The diagnosis is based on histological analysis showing subepidermal bulla with eosinophils or eosinophilic spongiosis and the identification of C3 and/or IgG deposits along the dermo-epidermal junction using direct immunofluorescence (DIF) testing or indirect immunofluorescence (IIF) testing, along with ELISA for measuring circulating BP180 and/or BP230 autoantibodies.
Gold standard in diagnosing bullous pemphigoid is DIF. However, the necessity for frozen or fresh tissue that is to be submitted in Michel’s solution or 0.9% NaCl, the requirement of laboratory equipment for performing the procedure, the possible loss of reactive antigens after storing the frozen tissue and the relatively high expenses are all limitations of this procedure.

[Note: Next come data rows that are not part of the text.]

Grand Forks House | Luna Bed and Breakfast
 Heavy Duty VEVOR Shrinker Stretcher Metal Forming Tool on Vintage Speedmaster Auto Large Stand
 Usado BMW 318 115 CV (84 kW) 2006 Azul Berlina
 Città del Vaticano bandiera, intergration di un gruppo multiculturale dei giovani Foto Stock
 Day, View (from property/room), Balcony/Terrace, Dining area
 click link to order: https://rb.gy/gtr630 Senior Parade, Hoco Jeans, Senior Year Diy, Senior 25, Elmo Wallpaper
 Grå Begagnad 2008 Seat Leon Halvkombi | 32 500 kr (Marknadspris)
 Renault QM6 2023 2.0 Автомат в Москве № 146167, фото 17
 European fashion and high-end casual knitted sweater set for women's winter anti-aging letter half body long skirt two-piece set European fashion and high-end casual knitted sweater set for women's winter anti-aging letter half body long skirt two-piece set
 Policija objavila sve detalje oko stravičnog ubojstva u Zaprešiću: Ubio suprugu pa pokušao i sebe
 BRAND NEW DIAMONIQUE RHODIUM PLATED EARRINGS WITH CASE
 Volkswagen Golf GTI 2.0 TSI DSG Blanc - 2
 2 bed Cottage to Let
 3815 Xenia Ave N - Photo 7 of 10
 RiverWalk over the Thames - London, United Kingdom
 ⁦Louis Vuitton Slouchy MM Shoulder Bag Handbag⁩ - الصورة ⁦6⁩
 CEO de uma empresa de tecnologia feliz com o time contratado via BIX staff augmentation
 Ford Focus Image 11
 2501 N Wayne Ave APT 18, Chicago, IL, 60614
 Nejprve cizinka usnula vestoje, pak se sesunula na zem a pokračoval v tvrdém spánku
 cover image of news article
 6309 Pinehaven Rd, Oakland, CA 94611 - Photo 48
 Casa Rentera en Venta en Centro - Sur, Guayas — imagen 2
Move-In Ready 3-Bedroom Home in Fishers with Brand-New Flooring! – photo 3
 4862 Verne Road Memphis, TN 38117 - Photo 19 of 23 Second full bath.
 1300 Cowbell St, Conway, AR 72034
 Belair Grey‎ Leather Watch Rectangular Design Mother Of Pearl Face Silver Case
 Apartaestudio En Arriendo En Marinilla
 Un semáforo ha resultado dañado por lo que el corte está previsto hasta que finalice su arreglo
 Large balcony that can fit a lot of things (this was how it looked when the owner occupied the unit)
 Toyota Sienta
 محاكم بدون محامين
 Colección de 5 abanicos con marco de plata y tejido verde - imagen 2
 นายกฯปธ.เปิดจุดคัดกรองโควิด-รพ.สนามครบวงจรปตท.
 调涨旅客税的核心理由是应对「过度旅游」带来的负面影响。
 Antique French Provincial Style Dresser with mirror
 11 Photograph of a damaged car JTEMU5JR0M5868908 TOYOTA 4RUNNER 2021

The role of complement pathways in the pathogenesis of bullous pemphigoid is well established. Utilising immunoenzymatic techniques, commercially available rabbit and mouse polyclonal and monoclonal antibodies capable of reliably detecting human C3d and C4d which are stable components of classical complement pathway activation on formalin-fixed paraffin-embedded biopsies have been developed. The C4d immunohistochemistry (IHC) marker is used for detecting antibody-mediated rejection in transplanted kidneys. We analysed the expression of C4d in bullous pemphigoid as a possible substitute for DIF, as it is more stable and persistent in formalin-fixed paraffin-embedded tissue.
Materials and Methods
We conducted an exploratory study (retrospectively and prospectively) from January 2017 to June 2022. All DIF proven cases of bullous pemphigoid were eligible for inclusion in the study while cases with inadequate tissue for IHC studies were excluded. The formalin-fixed paraffin-embedded perilesional skin biopsies of the 57 DIF proven bullous pemphigoid cases were subjected to C4d IHC staining along with the 10 cases of inflammatory dermatoses. Antibody-mediated kidney transplant rejection biopsy was used as a positive control. The diagnostic ability of C4d immunohistochemical markers was assessed by calculating the sensitivity, specificity and predictive values.
Results
Fifty-seven cases of bullous pemphigoid received in the institution that were both clinico-histopathologically and DIF proven were considered for this study.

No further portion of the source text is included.